Joe Arpaio's Armed Posse Begins Patrolling Maricopa County Schools
Will having an armed posse keep Maricopa County schools safer, or is a pretense to police immigrant and youth of color?
via AZ Central
(flickr: Gage Skidmore)
Maricopa County Sheriff Joe Arpaio's plan to increase volunteer-posse patrols near schools in his jurisdiction has generated publicity as political leaders across the nation struggle to find solutions after last month's elementary-school massacre in Connecticut.
The proposal to use volunteer patrols near campuses was simple enough that it could have been implemented without expending many additional resources. But the plan so far has come with more questions than answers.
An e-mail that circulated among administrators and parents in one West Valley district on Monday provided the most detail the public has received to date on what the posse patrols would entail. It also served as the first formal acknowledgment that a plan to deploy armed volunteers on campuses was actually afoot.

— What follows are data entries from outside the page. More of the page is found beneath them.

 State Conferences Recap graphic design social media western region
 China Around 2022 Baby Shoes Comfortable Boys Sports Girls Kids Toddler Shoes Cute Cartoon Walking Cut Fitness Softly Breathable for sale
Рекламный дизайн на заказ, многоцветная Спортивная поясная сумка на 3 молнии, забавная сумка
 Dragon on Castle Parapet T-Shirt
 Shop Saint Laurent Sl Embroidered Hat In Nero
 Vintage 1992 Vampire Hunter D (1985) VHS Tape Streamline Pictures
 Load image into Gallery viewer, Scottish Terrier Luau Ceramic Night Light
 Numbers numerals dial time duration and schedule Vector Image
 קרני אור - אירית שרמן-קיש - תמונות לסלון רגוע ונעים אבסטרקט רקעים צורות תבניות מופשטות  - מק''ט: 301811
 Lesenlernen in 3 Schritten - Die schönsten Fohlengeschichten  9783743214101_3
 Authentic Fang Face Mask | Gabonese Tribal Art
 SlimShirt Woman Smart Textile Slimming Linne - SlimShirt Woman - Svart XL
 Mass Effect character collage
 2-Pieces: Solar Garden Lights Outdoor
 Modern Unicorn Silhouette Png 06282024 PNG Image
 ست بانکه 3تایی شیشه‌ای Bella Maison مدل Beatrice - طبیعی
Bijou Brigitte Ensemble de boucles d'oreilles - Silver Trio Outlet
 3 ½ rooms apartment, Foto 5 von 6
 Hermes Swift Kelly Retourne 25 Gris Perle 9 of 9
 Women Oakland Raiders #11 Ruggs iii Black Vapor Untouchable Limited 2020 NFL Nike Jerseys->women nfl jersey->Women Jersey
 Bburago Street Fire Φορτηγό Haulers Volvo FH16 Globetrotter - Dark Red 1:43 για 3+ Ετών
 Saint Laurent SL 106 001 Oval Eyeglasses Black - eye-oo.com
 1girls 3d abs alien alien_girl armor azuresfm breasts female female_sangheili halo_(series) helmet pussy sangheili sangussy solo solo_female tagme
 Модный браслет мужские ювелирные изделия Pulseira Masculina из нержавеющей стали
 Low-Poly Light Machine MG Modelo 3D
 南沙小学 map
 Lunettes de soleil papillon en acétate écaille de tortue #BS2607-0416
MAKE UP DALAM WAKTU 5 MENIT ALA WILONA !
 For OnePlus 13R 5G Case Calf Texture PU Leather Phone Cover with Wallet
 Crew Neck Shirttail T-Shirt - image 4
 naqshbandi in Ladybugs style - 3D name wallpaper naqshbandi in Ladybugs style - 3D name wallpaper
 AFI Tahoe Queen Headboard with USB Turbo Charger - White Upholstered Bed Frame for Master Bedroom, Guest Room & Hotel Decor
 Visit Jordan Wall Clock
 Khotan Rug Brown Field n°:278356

Arpaio first mentioned the idea in an interview with The Arizona Republic in late December when discussing state Attorney General Tom Horne's plan to provide weapons training for one designated employee at every public school in Arizona.
Since then, the sheriff has appeared on national talk shows to tout the idea. But no one from the agency had spoken with Litchfield Elementary School District administrators, who would have to approve any plan for armed posse members to patrol school grounds. Litchfield is one district that would be affected by the plan.
"We all saw on the news that Sheriff Joe was going to do this," said Ann Donahue, a district spokeswoman. "No one contacted us directly. All we wanted to be able to do was respectfully find out what their plan was. We're hoping to hear from the Sheriff's Department on their plan and how they're going to implement it."
Details on the proposal are scant, including how many schools might receive the increased patrols. But Arpaio has said posse members will be dispatched to areas around school campuses in unincorporated areas of the county and in 10 cities where the Sheriff's Office has contracts to perform law-enforcement services.
That presents a wrinkle for districts such as Litchfield Elementary, which has 13 schools in four cities. Some of those cities have their own police departments, and the posse would likely not patrol there. It leaves open the possibility that some schools within the same districts would not have the same volunteer presence.
"I don't think it's a bad idea, it's just in a situation like ours, there are going to be a little bit of logistics involved," Donahue said. "We work very closely with law enforcement in those cities."
Under Arpaio's proposal, the patrols would use more than 300 members of the volunteer posse, who are certified to carry weapons, in addition to more than 100 reserve deputies. The volunteers work under the direction of sworn deputies and can make traffic stops or detain people at the specific direction of those sworn deputies.
Arpaio said he hopes a visible presence of marked patrol cars in areas around schools would serve as a deterrent to anyone intent on harming someone inside the facilities.
The posse members, whether they patrol school parking lots with the consent of school administrators or nearby neighborhoods without that permission, would not be intended to serve as an on-campus security force, Arpaio said.
If police action was needed, the school posse would rely on sworn deputies who regularly patrol near schools, he said.
"They're out there anyway; they're just going to be giving people some more attention around the school grounds," he said.
The school-posse members have not yet received any special instruction for the task, aside from the basic law-enforcement training offered to all posse members. But sheriff's administrators expect the school-posse members to receive additional training on use-of-force issues and coping with an active shooter.
The matter of what the volunteers would be on the lookout for presents a thornier issue.
Sheriff's deputies last month arrested a 16-year-old student from Mesa's Red Mountain High School after she reportedly made threats online about blowing up the school. The man responsible for the elementary-school massacre in Newtown, Conn., was 20. Neither would have looked out of place driving to a high-school campus, Arpaio concedes.
But the sheriff is hoping the publicity about the patrols will keep any homicidal people off school grounds.
"This will be mainly a deterrent, prevention, that's why we're sending marked cars out there," Arpaio said. "But if we need to take action, we will. It is a deterrent to let the bad guys know (that) if you're going to come on grounds, you're going to have some big problems."